◆ Description of the task
Reproduce the entries below exactly, but only from the line containing "KAYA AOI【6階】の外観" to the line containing "EACC Under Fire", inclusive.

[[ Data section open ]]

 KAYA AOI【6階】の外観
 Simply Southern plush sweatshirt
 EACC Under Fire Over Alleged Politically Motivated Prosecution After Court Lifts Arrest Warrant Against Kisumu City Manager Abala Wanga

[[ Data section closed ]]
[[ Data section open ]]

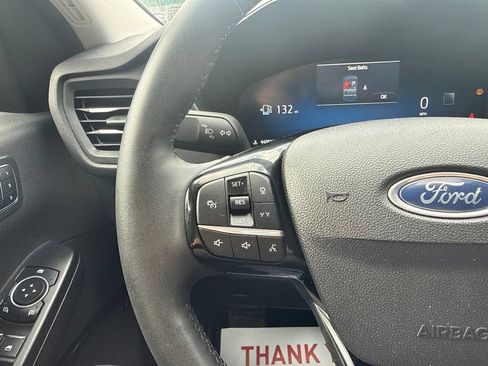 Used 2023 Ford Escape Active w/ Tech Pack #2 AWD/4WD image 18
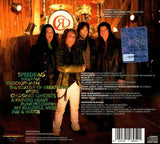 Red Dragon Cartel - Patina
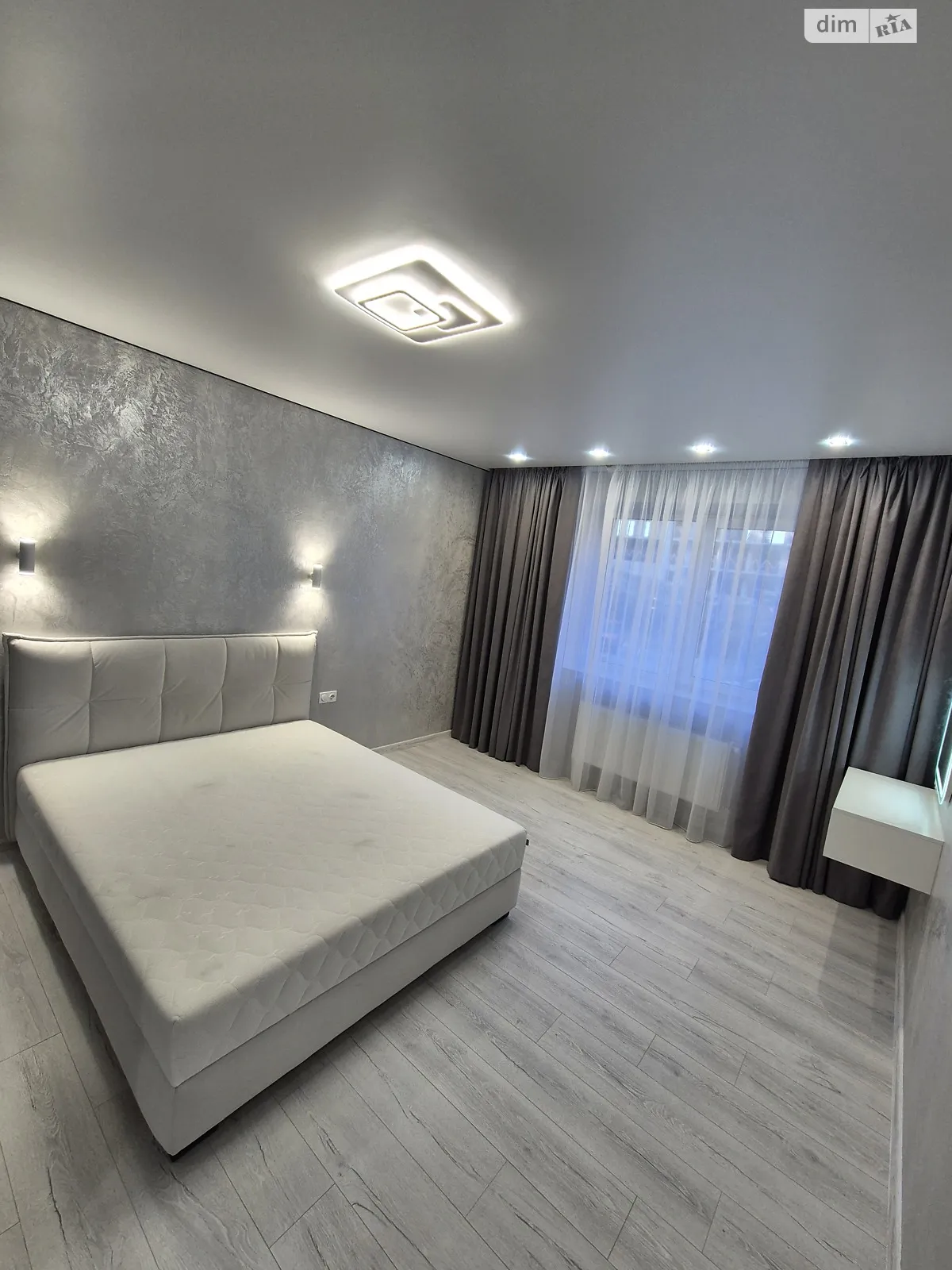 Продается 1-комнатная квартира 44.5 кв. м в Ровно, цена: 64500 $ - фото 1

[[ Data section closed ]]

◆ Solution for this task
 KAYA AOI【6階】の外観
 Simply Southern plush sweatshirt
 EACC Under Fire Over Alleged Politically Motivated Prosecution After Court Lifts Arrest Warrant Against Kisumu City Manager Abala Wanga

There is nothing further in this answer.